What I want to achieve is that I play all samples of a sample bank and apply all used effects, i.e. d1 $ playAll "t" # s "[mysamples1, mysamples2, mysamples3]" So what I did is using an event and do something with it, like to create new (but modified) events based on an original event. But normally I don't have access to a received event.

Unfortunately I don't see how addSynth can do that, but maybe I'm missing something here?

If I understand you right, than with var previous in your example I can memorize the previous state of something to access them with another call of playAll. But I cannot access events with the related sample names or applied effects.

telephon commented 3 years ago

Ah I see, yes. You want this to work like an effect. So you can go the addModule, and store the currentEnvironment in a variable in local scope.

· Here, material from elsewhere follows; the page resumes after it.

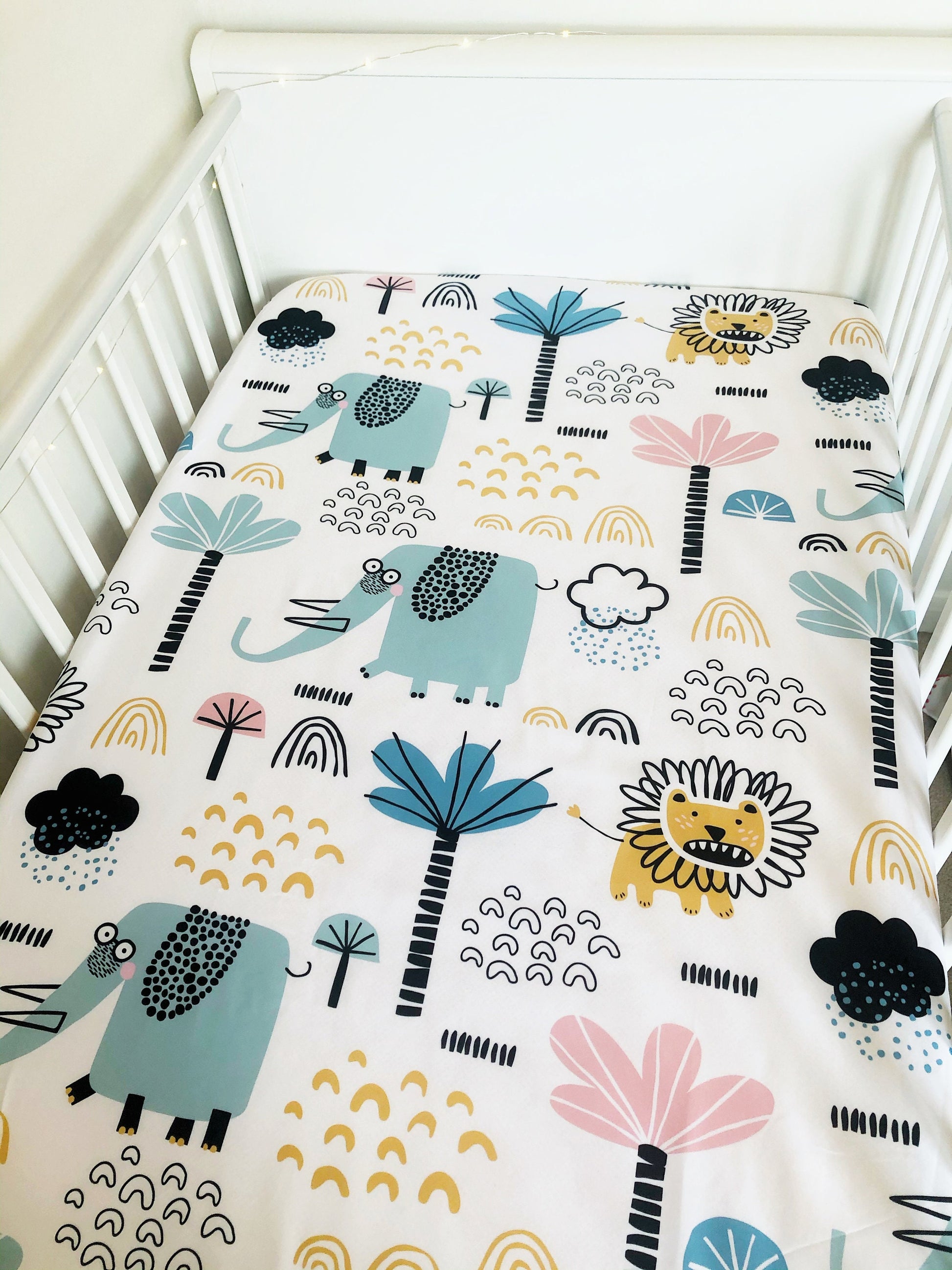Colourful Safari - Bedding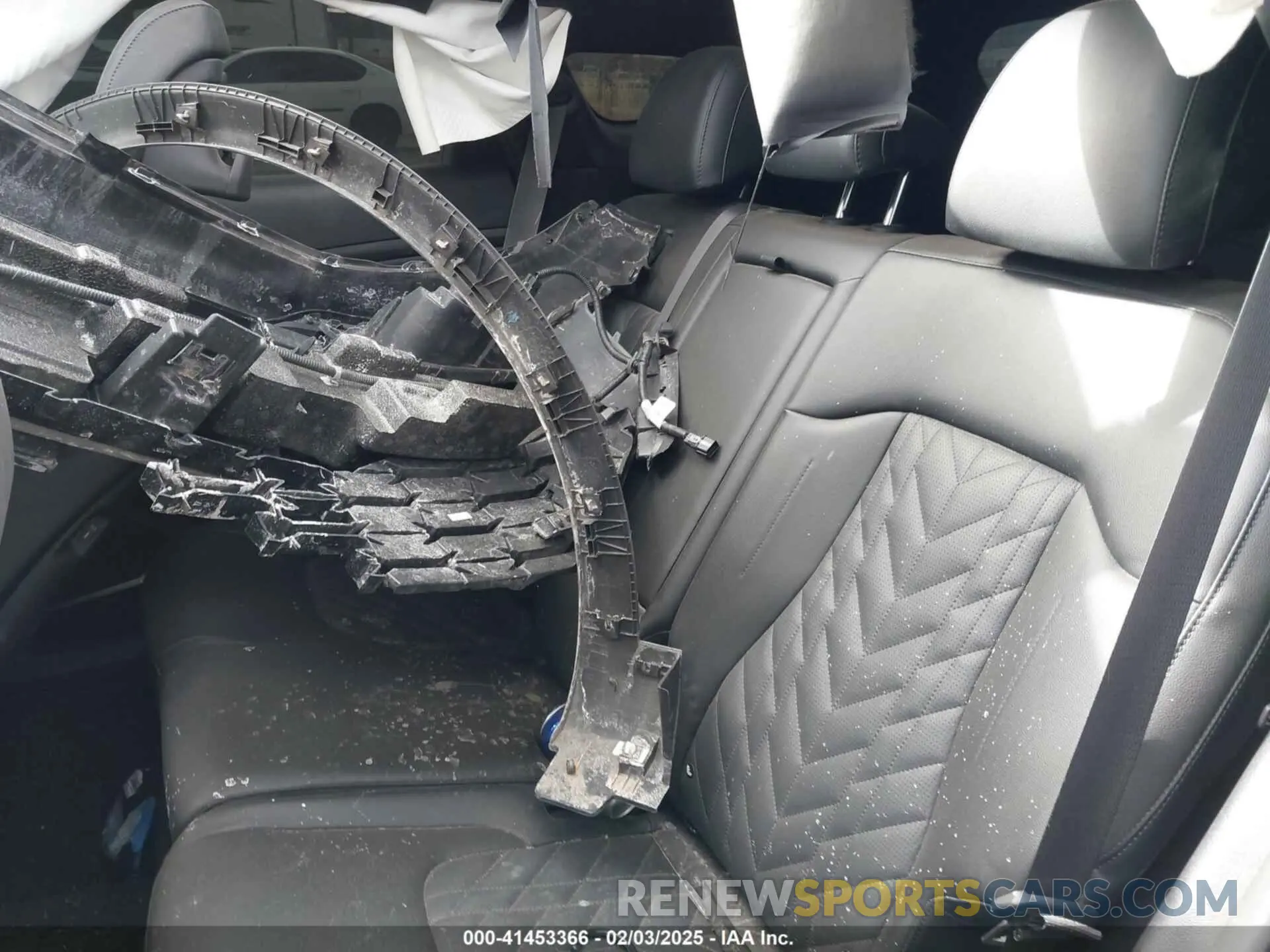 22 Photograph of a damaged car 5XYK7CAF5PG014764 KIA SPORTAGE 2023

previous = currentEnvironment;
thgrund commented 3 years ago

Thank you very much, the currentEnvironment solves the problem!

The working example looks like this:

(
~playAll = 0;

~dirt.addModule('playAll', {
    if (~playAll != 0, {
        ~dirt.soundLibrary.buffers[~s].size.do({
            arg item;
            var event = ();

            event.putAll((\type: \dirt, \dirt: ~dirt ),currentEnvironment);
            event.removeAt(\playAll);

            if (item != ~n, {
                event[\n] = item;
                event.play;
            });
        });
    })

}, {~playAll.notNil});

)

So you don't need any changes to SuperDirt, everything is already there. I will close this PR and keep it online.